The CentOS Team is pleased to announce the official release of CentOS 3.4 for x86_64 and EM64T.

This release includes all RHEL 3 updates (for U4) and errata up to January 19th, 2005. New ISO images are available as well as an installable DVD edition. In addition this release is available via BitTorrent.


Downloading -- Bittorrent
-------------------------

Bittorrents of a DVD image, binary iso's, and source iso's are available as follow:

dvd iso http://mirror.centos.org/centos/3.4/isos/x86_64/CentOS-3.4-x86_64-final-dvd.torrent
4 binary iso's http://mirror.centos.org/centos/3.4/isos/x86_64/CentOS-3.4-x86_64-final-bin1to4.torrent
3 source iso's http://mirror.centos.org/centos/3.4/isos/x86_64/CentOS-3.4-i386-src1-3.torrent

As CentOS 3.4 x86_64 is built from the same source as CentOS 3.4 (i386) we are not duplicating the torrent tracker to provide identical copies of discs with different names. This will also improve performance as seeds aren't split for the same content.

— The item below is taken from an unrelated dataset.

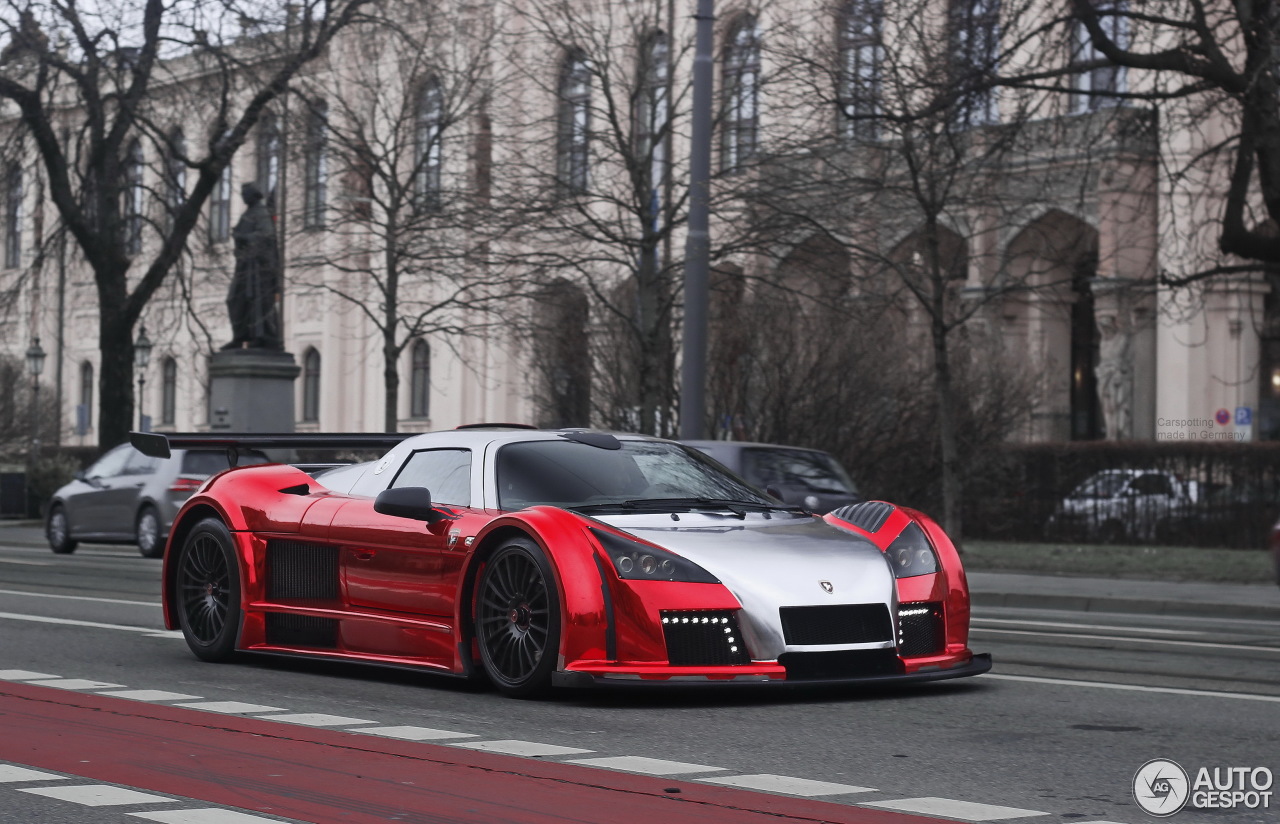 Gumpert Apollo S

Please use bittorrent and keep your downloader running for others to use even after your download completes.

Please see this FAQ Entry for additional BiTTorrent information.

Downloading -- .iso images
--------------------------

iso images are available from your favorite CentOS mirror as well. A current list of mirrors can be obtained from http://www.centos.org/mirrors

Purchasing
----------

isos are available to purchase from www.cheeplinux.com (UK) and should also be available from a number of other online vendors.

Upgrade Notes
-------------

Initially CentOS 3.3 x86_64 systems will not be automatically upgraded to CentOS 3.4 x64_64. However at some point in the near future the centos-release rpm for 3.4 x86_64 will be added to the 3.3 x86_64 tree and this will force automatic upgrades when using yum. Email will be sent via the CentOS mailing list prior to 3.3 to 3.4 tree migration.

If you do NOT want to upgrade then exclude centos-release from updates in your yum.conf. We will try to maintain security updates for CentOS 3.3 x86_64 for as long as there are no issues that mean they cant be used (eg 3.4 x86_64 specific dependency issue) -- but as soon as that happens we will have to close the CentOS 3.3 x86_64 tree.

From this point forward $releasever will stay at 3. When 3.5 x86_64 is released systems will automatically get updated. To prevent this you will need to hard code 3.4 in yum.conf in place of $releasever.

To manually upgrade to CentOS 3.4 x86_64 (now)
----------------------------------------------------------

first

rpm -ivh http://mirror.centos.org/centos/3.4/os/x86_64/RedHat/RPMS/centos-yumcache-3.1-0.20050127.3.noarch.rpm

(to avoid the header downloads)

rpm -Fvh http://mirror.centos.org/centos/3.4/os/x86_64/RedHat/RPMS/centos-release-3-4.2.x86_64.rpm

(to get the new releasever)

then

yum update


To automatically upgrade to CentOS 3.4 x86_64
---------------------------------------------------------------------------------------

We recommend that you install centos-yumcache before updating as it will save all the header downloading.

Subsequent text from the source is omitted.